Records shown —

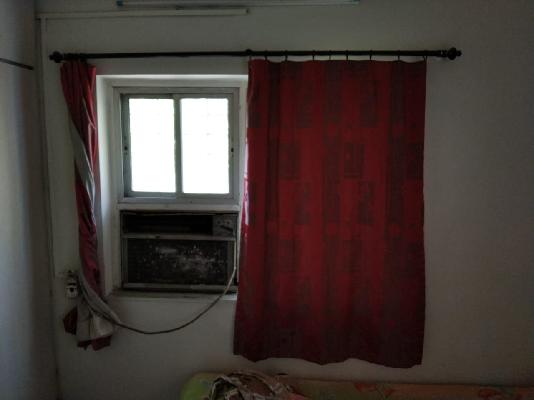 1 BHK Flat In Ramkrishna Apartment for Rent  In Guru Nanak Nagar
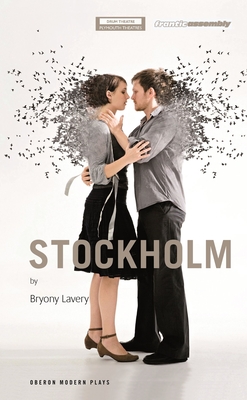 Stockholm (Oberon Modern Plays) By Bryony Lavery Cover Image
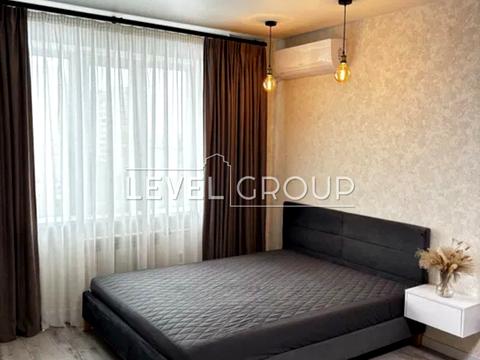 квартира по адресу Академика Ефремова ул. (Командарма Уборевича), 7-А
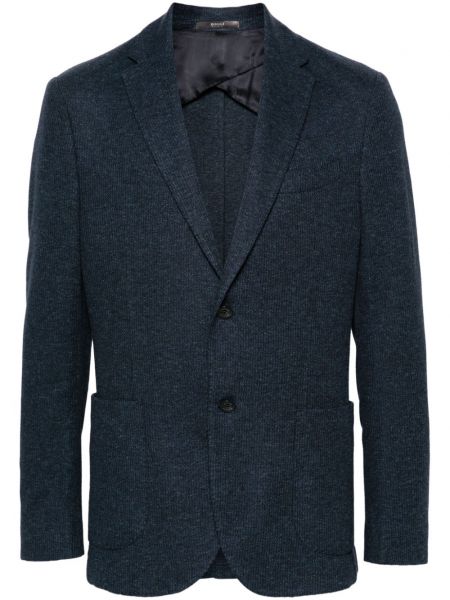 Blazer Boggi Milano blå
* * *
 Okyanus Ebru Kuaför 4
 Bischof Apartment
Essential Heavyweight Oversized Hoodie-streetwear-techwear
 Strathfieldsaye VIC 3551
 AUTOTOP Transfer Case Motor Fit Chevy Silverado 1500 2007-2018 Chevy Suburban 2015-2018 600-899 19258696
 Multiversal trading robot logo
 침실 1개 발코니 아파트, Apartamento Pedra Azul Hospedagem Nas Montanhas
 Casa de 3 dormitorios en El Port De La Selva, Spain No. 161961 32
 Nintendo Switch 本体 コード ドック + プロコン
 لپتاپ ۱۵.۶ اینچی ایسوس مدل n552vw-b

Exercise objective —
Above are the records. Copy the lines beginning at the one that has "Casa de 3 dormitorios" and ending with the one that has "لپتاپ ۱۵.۶ اینچی ایسوس مدل n552vw-b", unchanged.

Result for this exercise —
 Casa de 3 dormitorios en El Port De La Selva, Spain No. 161961 32
 Nintendo Switch 本体 コード ドック + プロコン
 لپتاپ ۱۵.۶ اینچی ایسوس مدل n552vw-b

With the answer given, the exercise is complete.